Editor’s Note: This post originally appeared on The Newberry Group’s blog.
Last fall, I started as an intern at the Newberry Group with objectives of assessing the impact of growing a social media presence, developing a strategy for social media use and executing on that strategy. After nine months, my team and I accomplished these objectives and learned a great deal about the cyber security digital community in the process.
In my relatively short, but deep dive into social media strategy and development over the last two and a half years, I’ve witnessed how different the digital communities can be. The cyber security digital community is particularly fascinating. My team found that cyber security professionals tend to fall into two buckets when it comes to social media. There are those who embrace social media due to their above average understanding of its utility, and there are those who avoid it at all costs due to their above average understanding of the risks associated with it.

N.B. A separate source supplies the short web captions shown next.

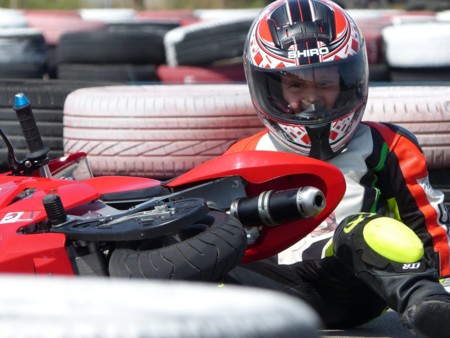 Casco Rojo Escuela Motociclismo 3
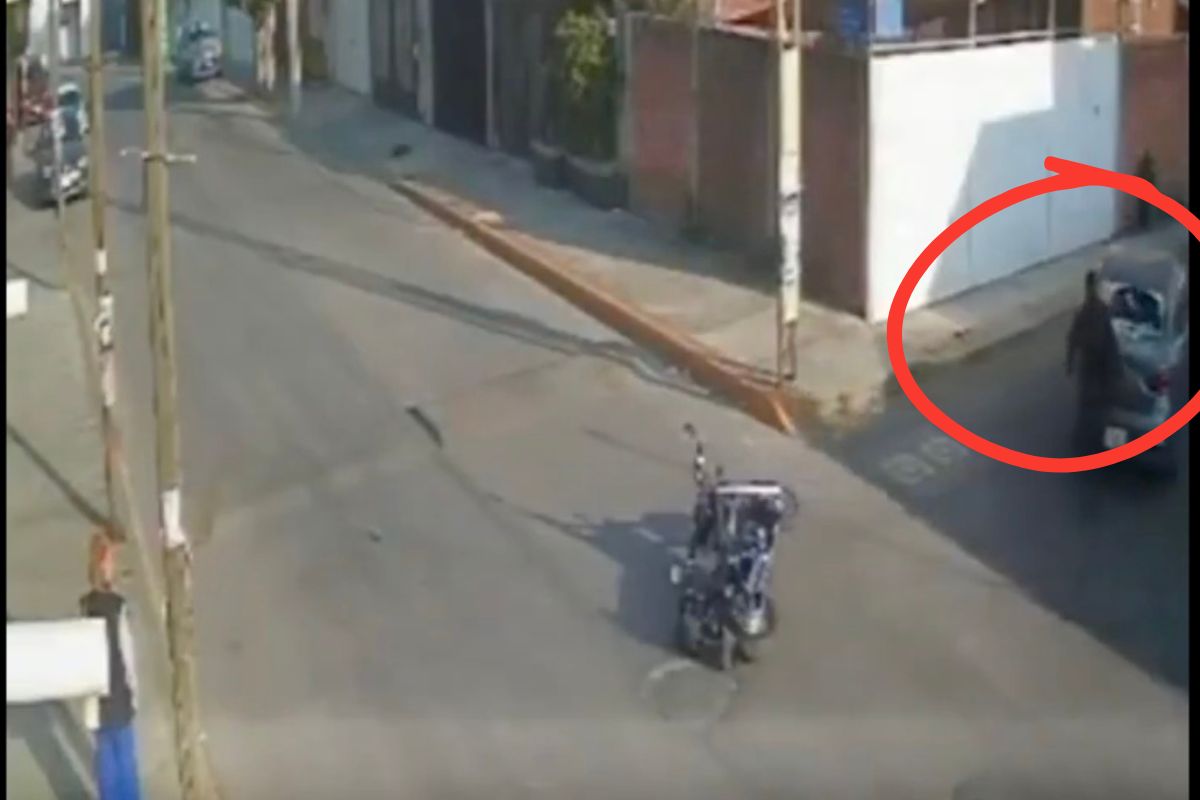 Captan pelea en Cuautlancingo; motociclista rompe parabrisas y conductor golpea su moto (VIDEO)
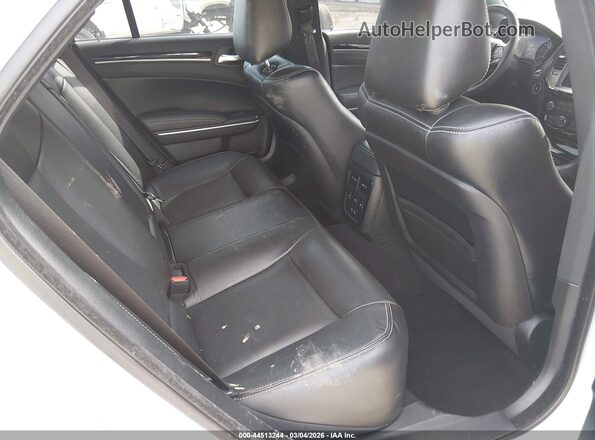 2C3CCABTXPH542184 2023 CHRYSLER 300 White Vista de la etiqueta del VIN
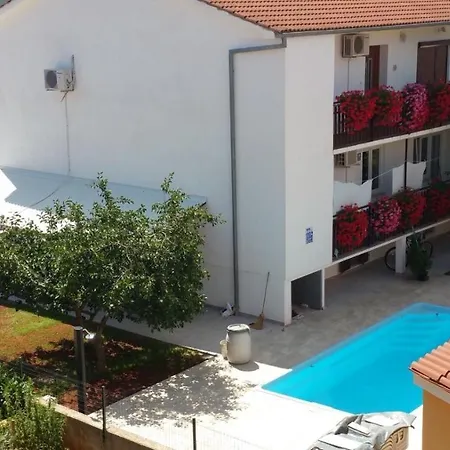 Apartment Family Friendly With A Swimming Pool - 7610 Pula
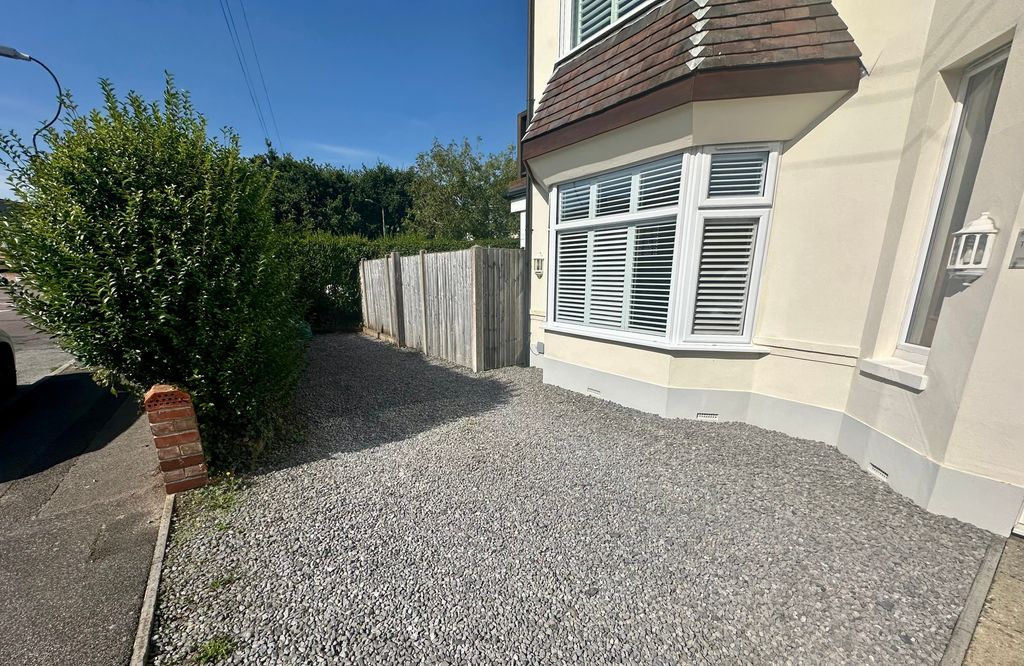 Property photo 2 of 11 Img_9833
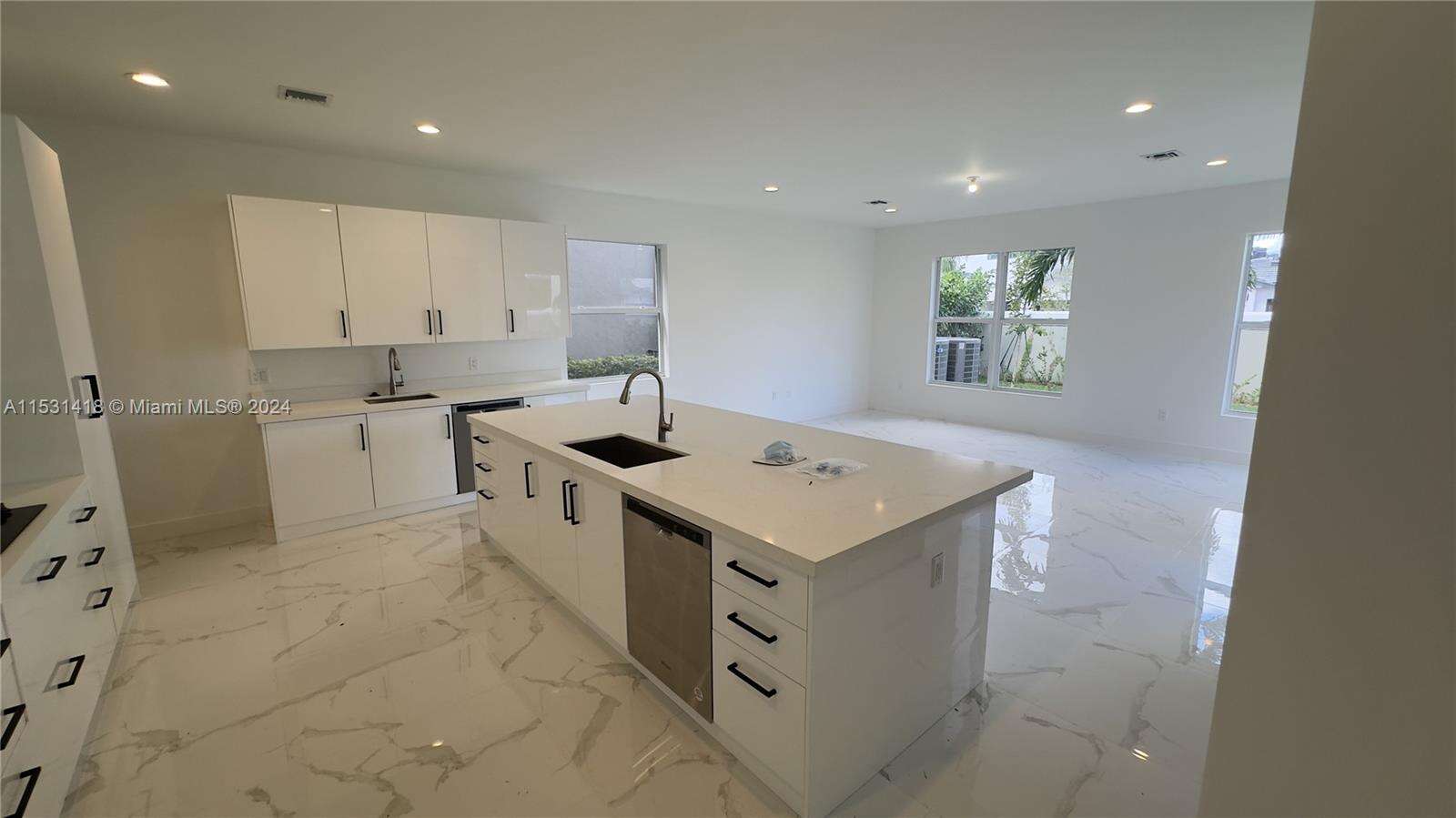 3523 Forest View Cir, Dania Beach, FL 33312 | Picture 27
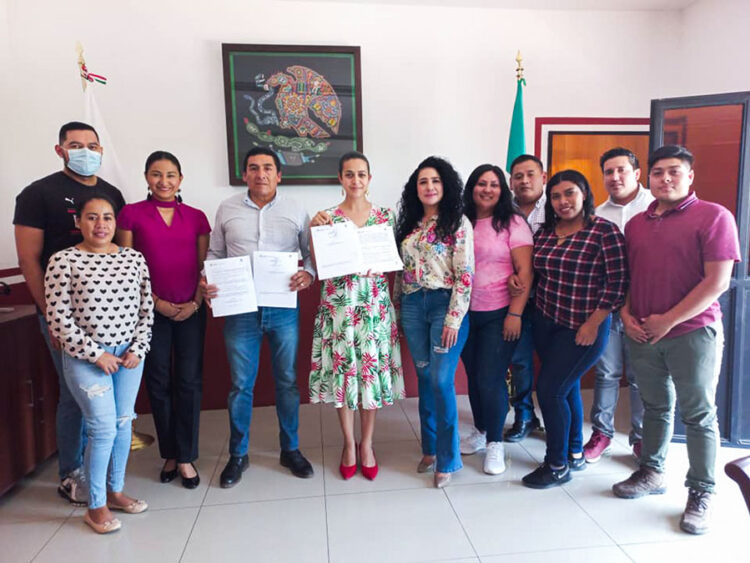 Gobierno de Jala y el CECA firman convenio para prevenir el suicidio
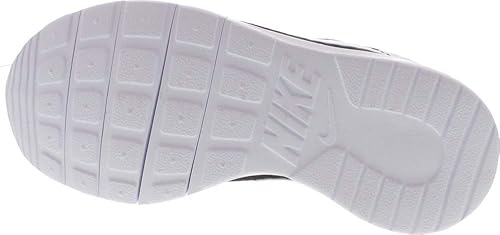 Nike Tanjun Grade School Shoe
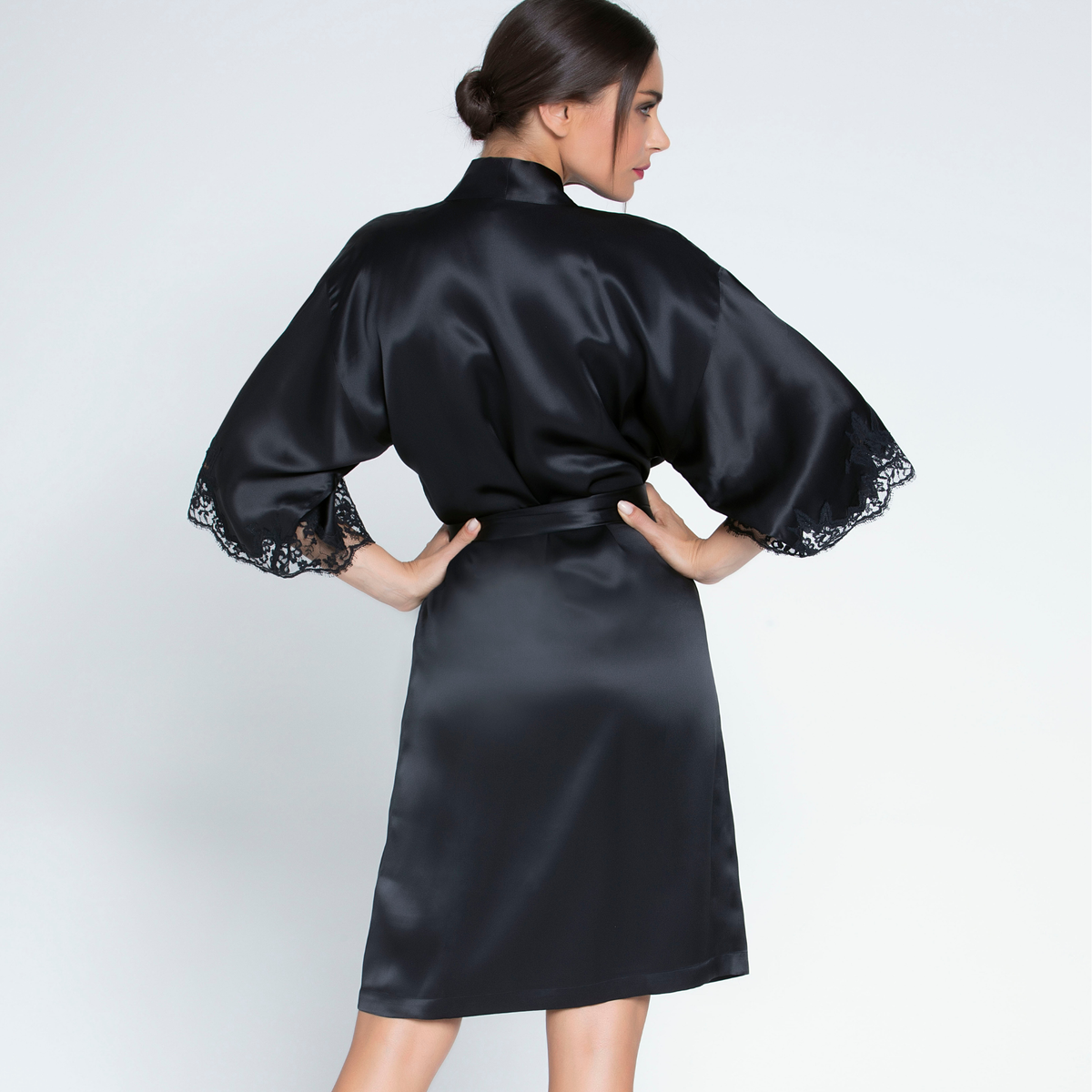 Splendeur Soie Black Robe
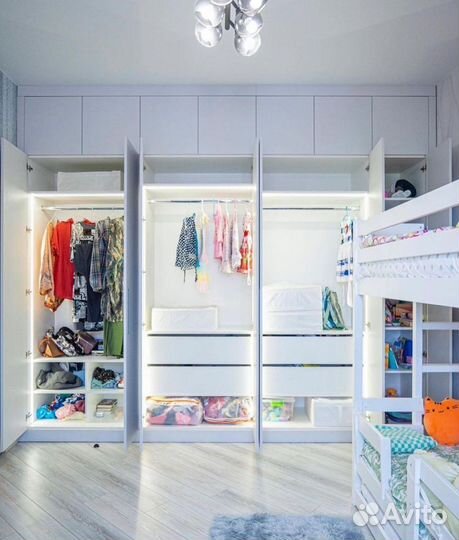 Шкаф на заказ B 182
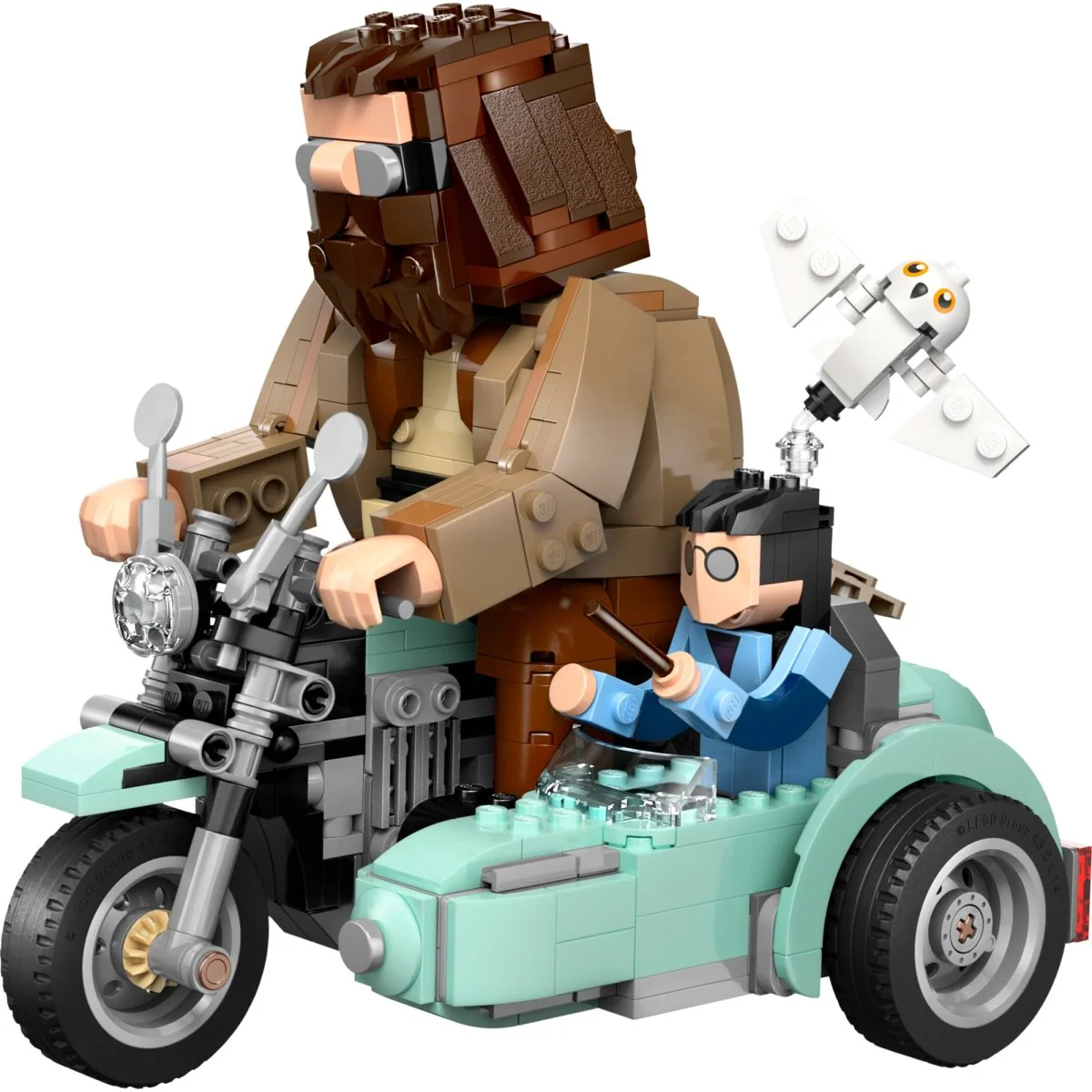 LEGO Harry Potter Hagrid & Harry's Motorcycle Ride, 76443, Ages 9+, 617 Pieces - Image 4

This creates an interesting obstacle when engaging with the cyber security digital community. The space expects a sophisticated level of engagement, yet can also feel fragmented and reserved. It seems most companies have accepted that they need to be present on social media but there are huge disparities in utilization. Some online presences are merely place holders while others are hosting weekly webinars.
My team at Newberry decided the greatest value was between these two extremes. We saw opportunities for talent sourcing, service promotion, and partnership development, but we also needed to be realistic about the amount of capacity we could commit to these efforts. The value is there to be had, but only with the people and buy-in to capture it effectively.
We knew we didn’t have the capacity to be active in every space or create a large amount of unique content so we focused our efforts on building out the spaces we felt had the most value and created a content strategy that balanced quality and thought leadership with consistency and practicality.
Creating a social media policy also became a critical element of our strategy. The greatest enemy of engagement is uncertainty and, in a space as sensitive as the cyber security community, assessing the appropriateness of a 140 character tweet will likely lead to abandonment. We want to be as explicit as possible about our internal expectations for social media because we believe it will remove that uncertainty and foster greater internal engagement.
The development of a social media strategy and policy that balanced value with capacity is the product of what has become my biggest take away from my time at Newberry. I’ve learned that the benefits of social media do not appear over night. Early wins can be few and far between. But, sustainable and consistent execution of social media builds equity in a digital community that eventually translates into real company value.
This kind of sustainability requires a hard look at where a company can be most effective and then tailoring that to the company’s internal capacity. Instead of leaving social media to the intern as many companies do, my team decided early on that there was no point in me doing any of the day-to-day social media work. Instead, I focused on strategy and setting up Newberry’s internal structure – things that once set in place can be utilized with minimal maintenance.
I’m confident that as I leave Newberry my work will be appreciated, not missed. I’ve helped give Newberry the tools to continue to build value in the cyber security digital community on their own. While this was not part of the three original objectives I had going into the internship, I believe it is by far the most valuable and can serve as an example to others in the space.